▶ RECORDS PROVIDED:
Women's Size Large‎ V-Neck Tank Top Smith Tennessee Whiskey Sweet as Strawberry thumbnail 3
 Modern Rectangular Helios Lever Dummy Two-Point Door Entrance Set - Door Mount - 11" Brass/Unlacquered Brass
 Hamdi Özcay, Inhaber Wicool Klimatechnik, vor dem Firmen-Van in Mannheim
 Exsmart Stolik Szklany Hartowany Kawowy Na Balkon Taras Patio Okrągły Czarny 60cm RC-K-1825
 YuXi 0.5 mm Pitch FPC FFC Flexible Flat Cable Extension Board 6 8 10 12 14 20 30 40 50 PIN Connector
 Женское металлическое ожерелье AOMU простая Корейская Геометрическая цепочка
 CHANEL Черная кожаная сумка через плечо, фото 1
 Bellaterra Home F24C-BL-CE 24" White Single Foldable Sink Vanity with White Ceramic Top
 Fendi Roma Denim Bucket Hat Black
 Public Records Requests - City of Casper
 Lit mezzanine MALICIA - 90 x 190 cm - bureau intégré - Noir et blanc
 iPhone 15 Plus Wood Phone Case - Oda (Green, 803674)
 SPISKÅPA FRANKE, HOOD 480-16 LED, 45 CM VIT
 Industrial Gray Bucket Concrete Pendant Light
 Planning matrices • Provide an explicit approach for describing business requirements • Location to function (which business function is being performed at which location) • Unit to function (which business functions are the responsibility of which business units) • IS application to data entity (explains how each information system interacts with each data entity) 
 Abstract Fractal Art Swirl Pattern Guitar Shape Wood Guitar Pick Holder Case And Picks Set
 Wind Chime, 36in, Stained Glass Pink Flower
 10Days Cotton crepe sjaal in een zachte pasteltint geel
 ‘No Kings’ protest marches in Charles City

▶ EXERCISE GOAL: Every line of the material needs to be returned exactly.

▶ ANSWER BELOW:
Women's Size Large‎ V-Neck Tank Top Smith Tennessee Whiskey Sweet as Strawberry thumbnail 3
 Modern Rectangular Helios Lever Dummy Two-Point Door Entrance Set - Door Mount - 11" Brass/Unlacquered Brass
 Hamdi Özcay, Inhaber Wicool Klimatechnik, vor dem Firmen-Van in Mannheim
 Exsmart Stolik Szklany Hartowany Kawowy Na Balkon Taras Patio Okrągły Czarny 60cm RC-K-1825
 YuXi 0.5 mm Pitch FPC FFC Flexible Flat Cable Extension Board 6 8 10 12 14 20 30 40 50 PIN Connector
 Женское металлическое ожерелье AOMU простая Корейская Геометрическая цепочка
 CHANEL Черная кожаная сумка через плечо, фото 1
 Bellaterra Home F24C-BL-CE 24" White Single Foldable Sink Vanity with White Ceramic Top
 Fendi Roma Denim Bucket Hat Black
 Public Records Requests - City of Casper
 Lit mezzanine MALICIA - 90 x 190 cm - bureau intégré - Noir et blanc
 iPhone 15 Plus Wood Phone Case - Oda (Green, 803674)
 SPISKÅPA FRANKE, HOOD 480-16 LED, 45 CM VIT
 Industrial Gray Bucket Concrete Pendant Light
 Planning matrices • Provide an explicit approach for describing business requirements • Location to function (which business function is being performed at which location) • Unit to function (which business functions are the responsibility of which business units) • IS application to data entity (explains how each information system interacts with each data entity) 
 Abstract Fractal Art Swirl Pattern Guitar Shape Wood Guitar Pick Holder Case And Picks Set
 Wind Chime, 36in, Stained Glass Pink Flower
 10Days Cotton crepe sjaal in een zachte pasteltint geel
 ‘No Kings’ protest marches in Charles City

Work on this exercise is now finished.